*ABOUT THIS TASK*
Without the images, print every line of the material below exactly as given.
##### DATASET CONTENT
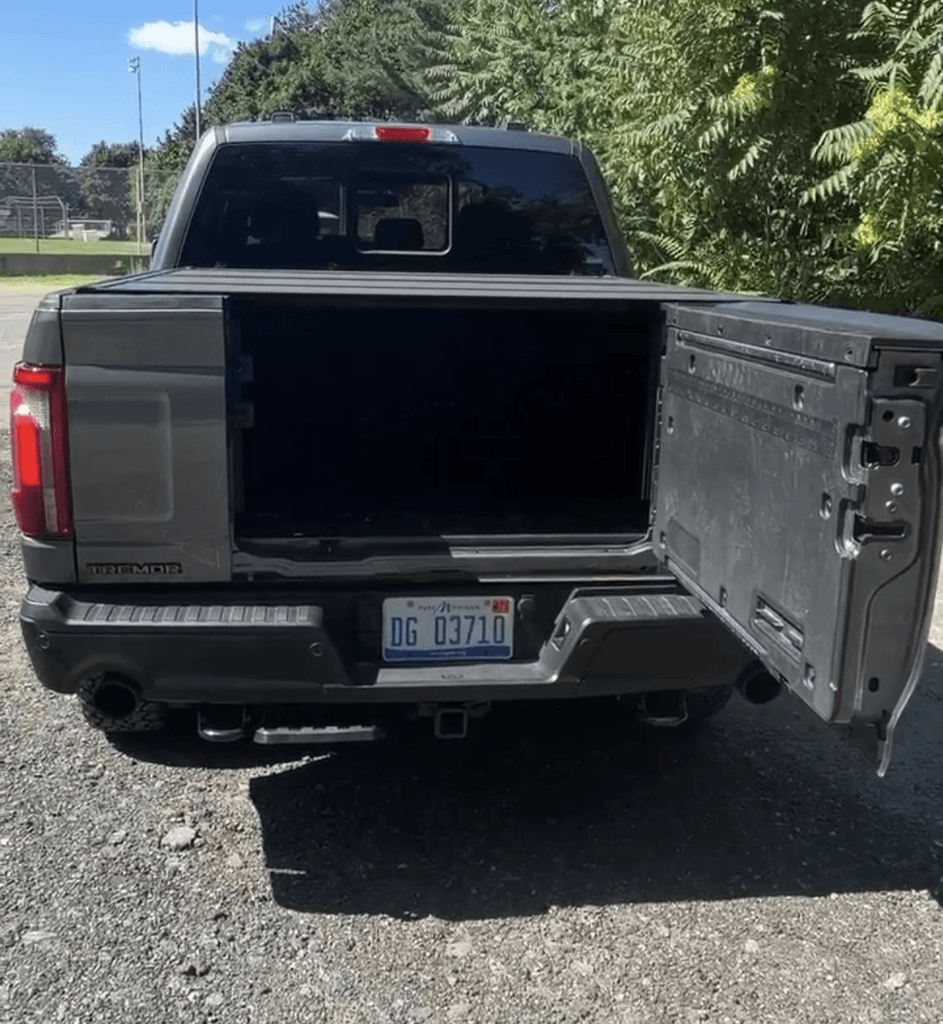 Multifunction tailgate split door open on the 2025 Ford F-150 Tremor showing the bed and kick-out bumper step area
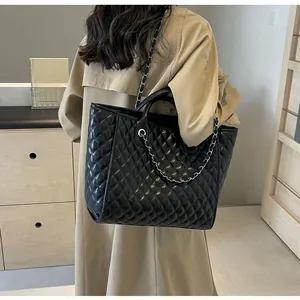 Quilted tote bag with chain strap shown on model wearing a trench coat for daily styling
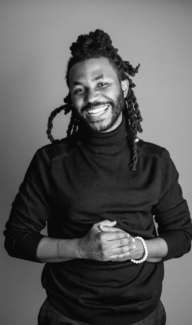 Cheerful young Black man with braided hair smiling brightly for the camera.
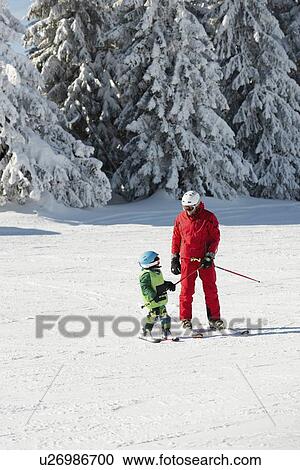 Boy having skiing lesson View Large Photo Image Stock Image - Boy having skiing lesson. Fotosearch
##########
*ANSWER SECTION*
 Multifunction tailgate split door open on the 2025 Ford F-150 Tremor showing the bed and kick-out bumper step area
 Quilted tote bag with chain strap shown on model wearing a trench coat for daily styling
 Cheerful young Black man with braided hair smiling brightly for the camera.
 Boy having skiing lesson View Large Photo Image Stock Image - Boy having skiing lesson. Fotosearch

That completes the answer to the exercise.